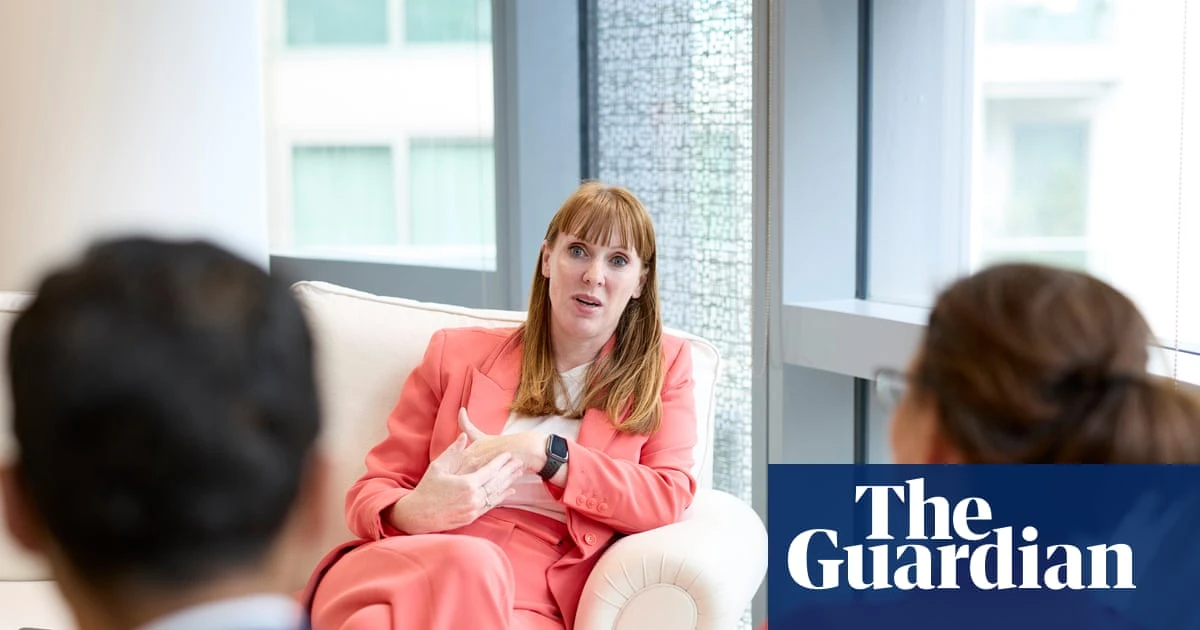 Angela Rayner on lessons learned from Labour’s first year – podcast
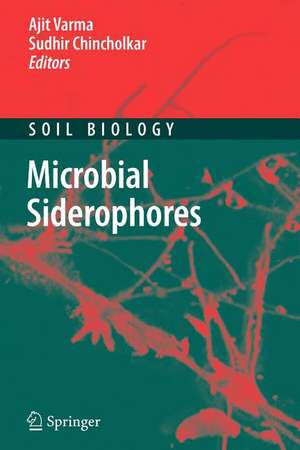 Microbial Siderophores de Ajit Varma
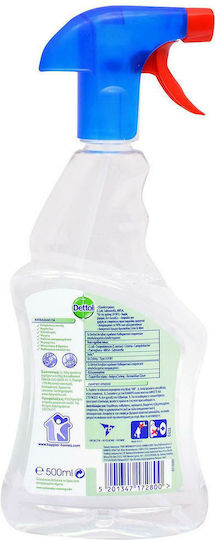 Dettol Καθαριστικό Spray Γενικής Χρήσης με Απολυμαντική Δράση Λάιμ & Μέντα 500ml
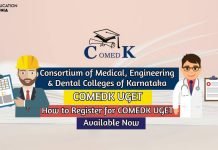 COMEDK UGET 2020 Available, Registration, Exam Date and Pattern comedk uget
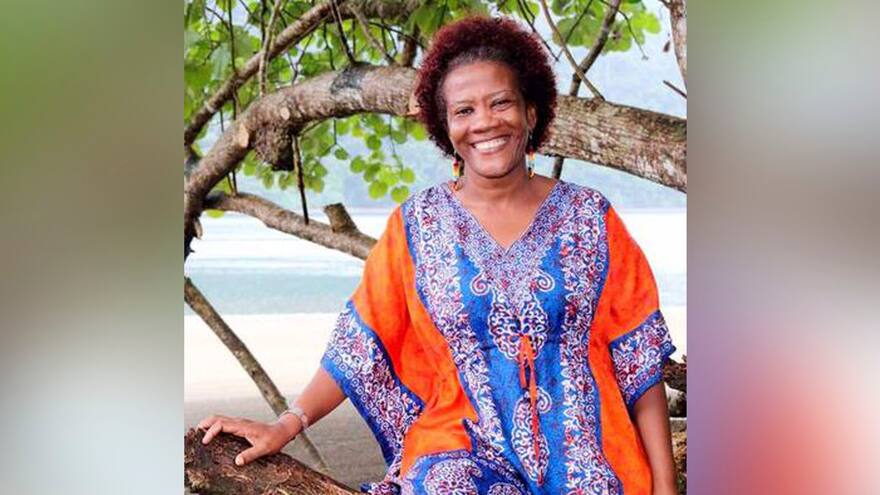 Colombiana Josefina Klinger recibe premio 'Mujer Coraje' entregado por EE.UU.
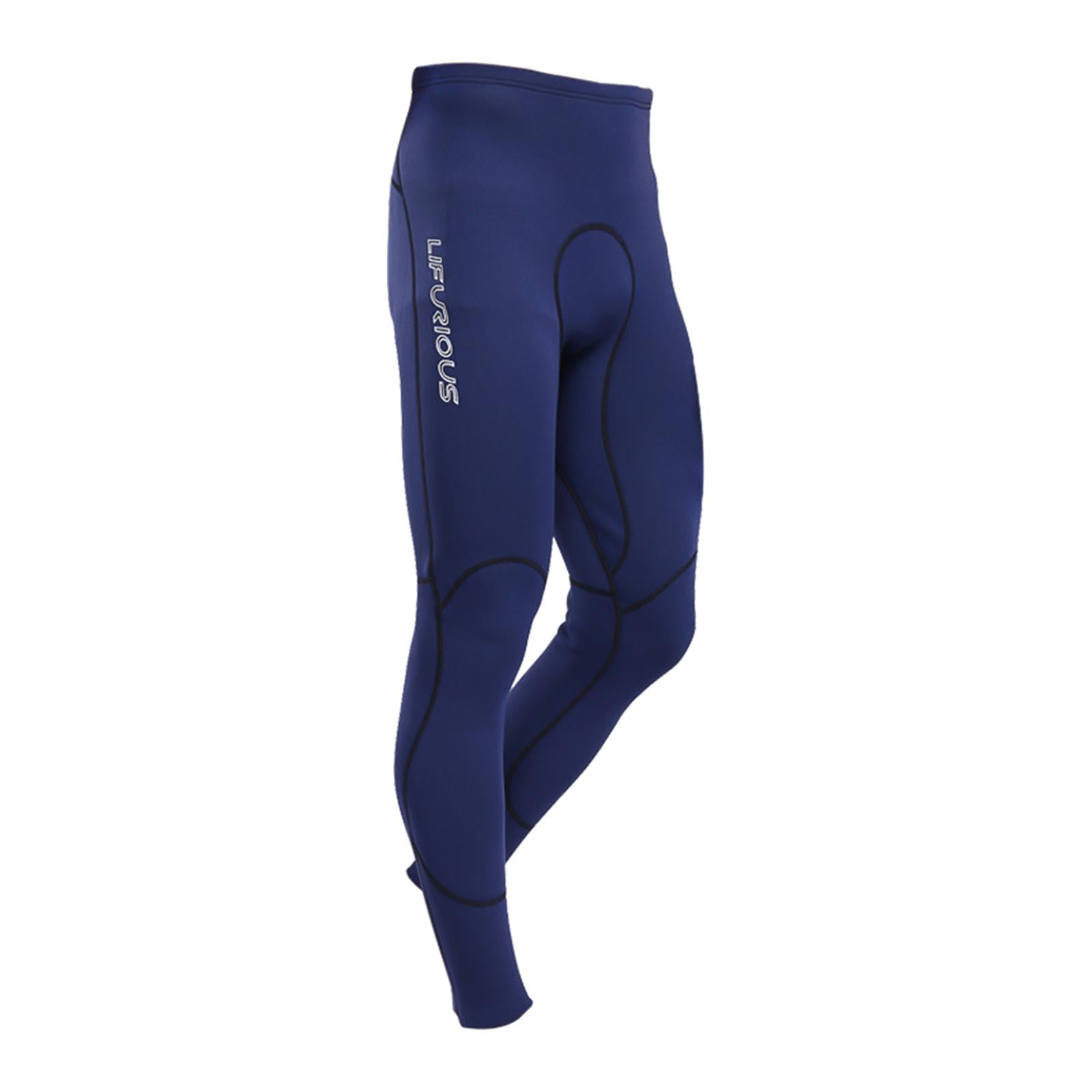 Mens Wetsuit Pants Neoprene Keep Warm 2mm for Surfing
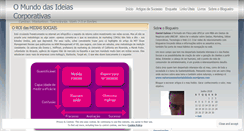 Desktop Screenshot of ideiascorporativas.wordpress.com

#### Assignment
Give again, word for word, the line that contains "COMEDK UGET 2020" and every line after it through the end of the entries; omit the pictures.

#### Output of the exercise
 COMEDK UGET 2020 Available, Registration, Exam Date and Pattern comedk uget
 Colombiana Josefina Klinger recibe premio 'Mujer Coraje' entregado por EE.UU.
 Mens Wetsuit Pants Neoprene Keep Warm 2mm for Surfing
 Desktop Screenshot of ideiascorporativas.wordpress.com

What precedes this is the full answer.